Lu Lux

Article on wife of John T. Donahoe, Lu, born 1901, daughter of Adam Zender

INTERVIEW WITH LU LUX, CENTENARIAN!

Lucille Rose Zender Lux celebrated her 100th birthday on March 30,2001. Having lived in the Rogers Park community for all but 5 years, she tells stories about the house she was born in on land now occupied by the Dominic's store on Ridge Avenue just south of Pratt, of taking "adventure outings" on a horse (they had two horses!) and buggy - a sleigh in the winter! - "all the way up to Howard Street, " and of the second house her father had built on the southeast comer of Prat and Ridge, site of the present Greek restaurant.

Lu's parents were from Germany and Luxembourg, and the family spoke German and English at home. She was the eighth of nine children, the siblings being Amy, Annie, Rini, Loni, Bert, Celi, Eddie, Lucy, and Willie, in that order. At St. Henry Church, Lu received the sacraments of baptism, communion, and confirmation. In those days, she said, kids would walk from as far as Toughy and Western to attend St. Henry School. In the winter, many of the kids would stop at her house to get warm. After graduating from the Church school - classes were taught in German and English. Lu attended Josephinum High School, then a boarding school where she stayed over night, returning home on the weekends.

She was also married at St. Henry, to John Donahoe of St. Gertrude Parish, although, as Lu tells it, their "courtship" was rather spontaneous and anecdotal. An old boyfriend introduced her to John, and a short time later both she and John were walking up Devon in easy amble toward Ridge when Lu remembered it was John's birthday. "I'm sorry I didn't get you anything for your birthday," said she, "...but you can have me!" In those days, the priest's house was right where they were walking, so they went in and were married on the spot by the priest. Lu then has to go home to tell her parents of the event. Later, St. Henry's pastor, the German priest Fr. Rodesdorf, said that "Only an Irishman could get away with that." Lu and John were married for 35 years and raised five boys, Jay (lived in Hawaii), Bert (Mundelein, IL), Dick (Florida), Patrick (Lake Geneva, WI), and Bill (Gurnee, IL). John and the five sons all worked at the Chicago Board of Trade at one time.

Lu's father was a florist and owned some of the greenhouses at Devon and Ridge. It was he, in fact, who saw to it that Ridge Avenue was renamed Ridge Boulevard. (In those days, the street now called Damen was called Robey Street). One year, her parents and four other couples, parishioners at St. Henry, paid off the entire Parish debt.

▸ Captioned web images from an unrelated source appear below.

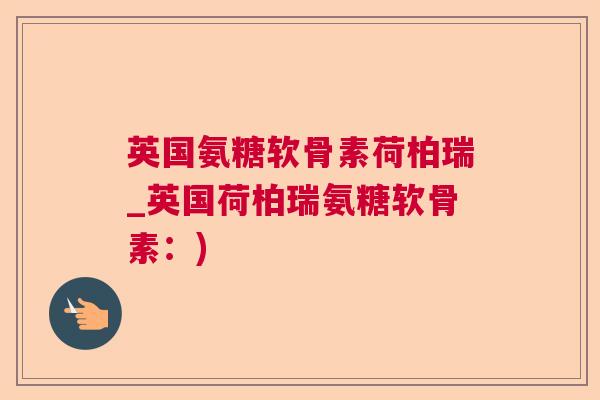 英国氨糖软骨素荷柏瑞_英国荷柏瑞氨糖软骨素：)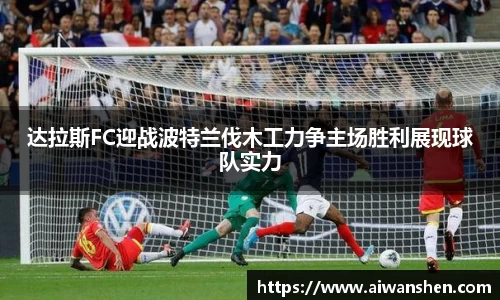 达拉斯FC迎战波特兰伐木工力争主场胜利展现球队实力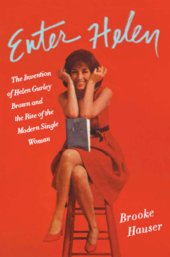 book Enter Helen: the rise and reign of the original cosmo girl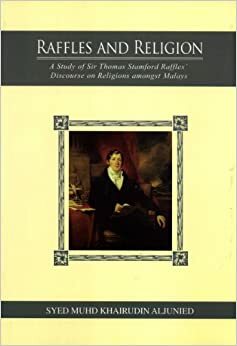 Raffles and Religion: A Study of Sir Thomas Stamford Raffles Discourse on Religions amongst Malays by Syed Muhd Khairudin Aljunied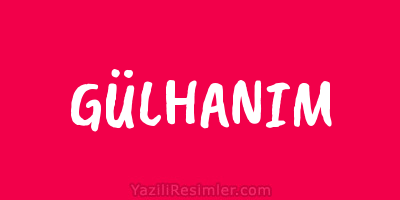 GÜLHANIM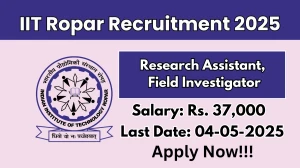 IIT Ropar Recruitment 2025 - Apply Offline for 03 Research Assistant, Field Investigator Before May 04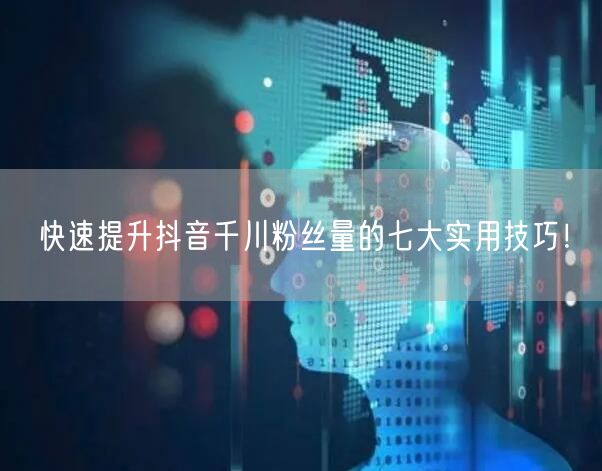 快速提升抖音千川粉丝量的七大实用技巧！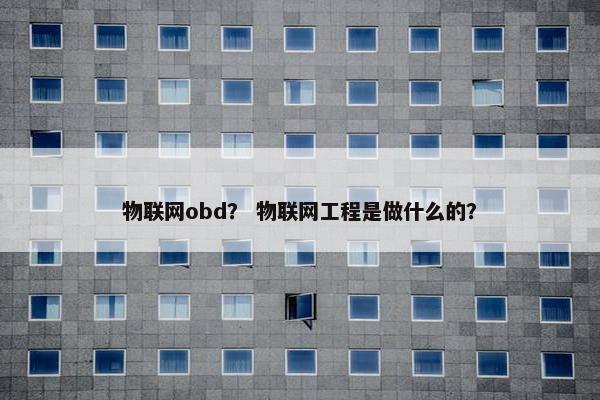 物联网obd？ 物联网工程是做什么的？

In earlier days, Lu bowled, roller-skated, biked, and played golf She still plays bridge every Wednesday afternoons with her nieces. For a time during early days she had worked at the Phillip State Bank. As she let us into her apartment, she turned off the Cubs game she'd been watching on television; she admitted openly to being a Cubs fan.

Asked whether she had a led a "genteel life", Lu told of her family's large kitchen and the "big table" service for dinner every night. Everyone in the neighborhood knew everyone else. Taking a walk to Rosemont Beach was popular. Her father was one of the first in the neighborhood to own an automobile.

The streetcar barn was at the comer of Devon and Clark Street, and the fare was a nickel. On Saturday night, young people would go to the dance hall - where the Devon Theater once was. One late evening, Lu says, she became frightened because she was being followed - as she hurried, the follower's footsteps would hurry, as she slowed, they would slow - until she reached her house, when the follower nipped her heel with his foot. As it turned out, the follower was her eldest bother, Ed, who simply wanted to warn her that she should not travel the streets alone at night.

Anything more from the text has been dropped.